**TASK DESCRIPTION:**
Copy out the entries word for word, leaving images aside.

-----

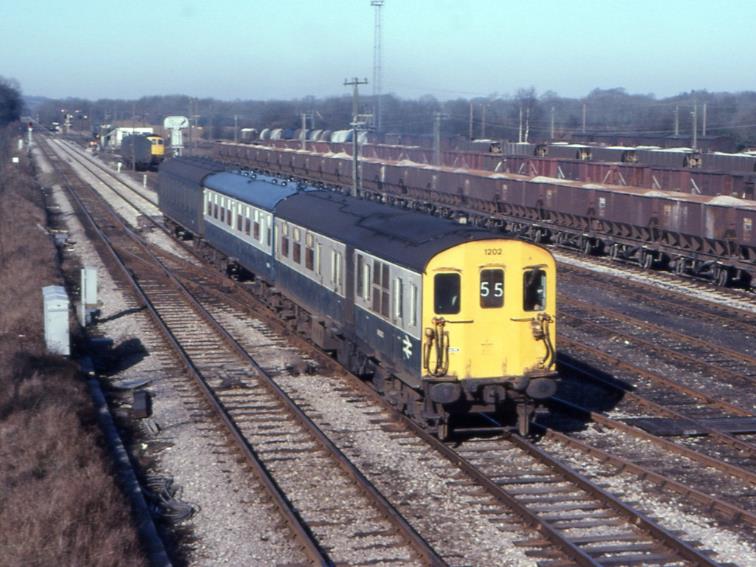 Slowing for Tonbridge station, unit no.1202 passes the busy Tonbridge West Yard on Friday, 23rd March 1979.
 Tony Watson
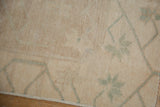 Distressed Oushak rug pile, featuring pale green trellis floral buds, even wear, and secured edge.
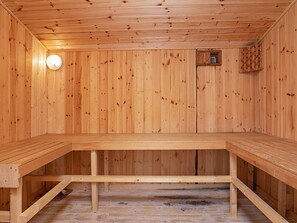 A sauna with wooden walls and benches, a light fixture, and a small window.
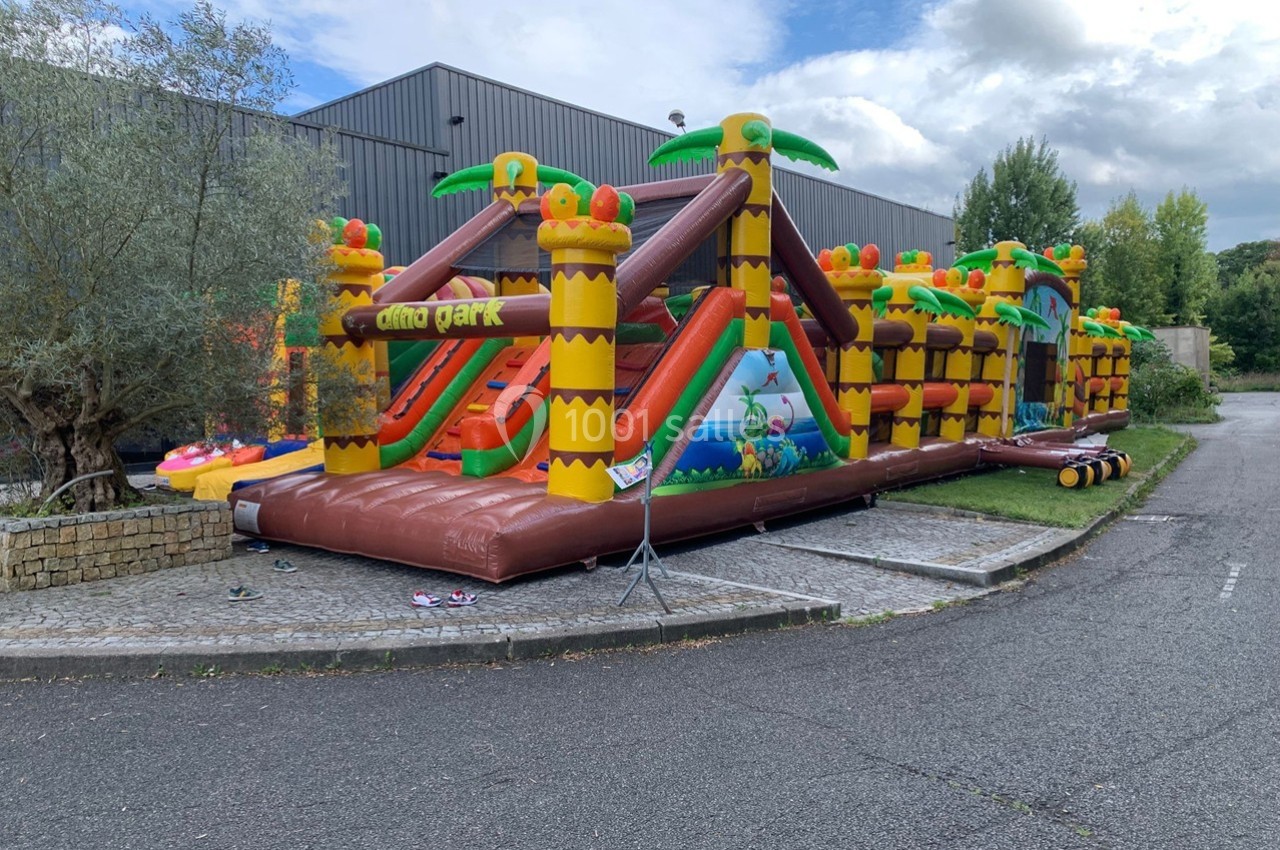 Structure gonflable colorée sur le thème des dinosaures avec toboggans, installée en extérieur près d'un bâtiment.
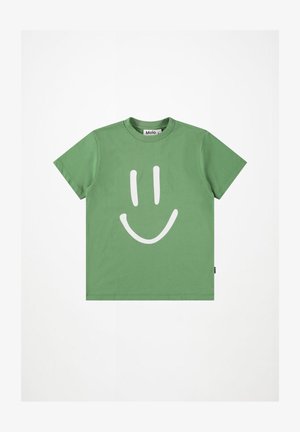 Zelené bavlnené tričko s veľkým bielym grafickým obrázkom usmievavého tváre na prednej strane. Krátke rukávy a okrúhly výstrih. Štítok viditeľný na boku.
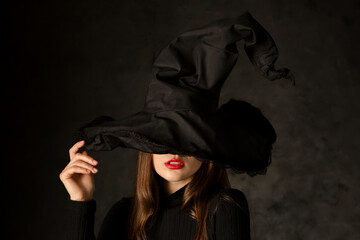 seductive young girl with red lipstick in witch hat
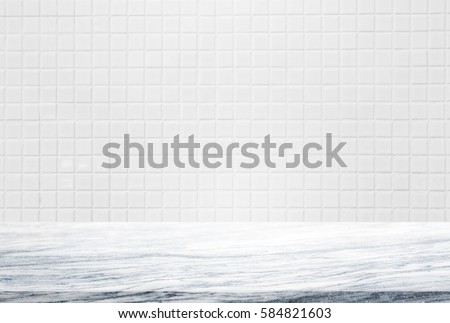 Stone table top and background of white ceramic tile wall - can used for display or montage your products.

-----

**EXERCISE OUTPUT:**
 Slowing for Tonbridge station, unit no.1202 passes the busy Tonbridge West Yard on Friday, 23rd March 1979.
 Tony Watson
 Distressed Oushak rug pile, featuring pale green trellis floral buds, even wear, and secured edge.
 A sauna with wooden walls and benches, a light fixture, and a small window.
 Structure gonflable colorée sur le thème des dinosaures avec toboggans, installée en extérieur près d'un bâtiment.
 Zelené bavlnené tričko s veľkým bielym grafickým obrázkom usmievavého tváre na prednej strane. Krátke rukávy a okrúhly výstrih. Štítok viditeľný na boku.
 seductive young girl with red lipstick in witch hat
 Stone table top and background of white ceramic tile wall - can used for display or montage your products.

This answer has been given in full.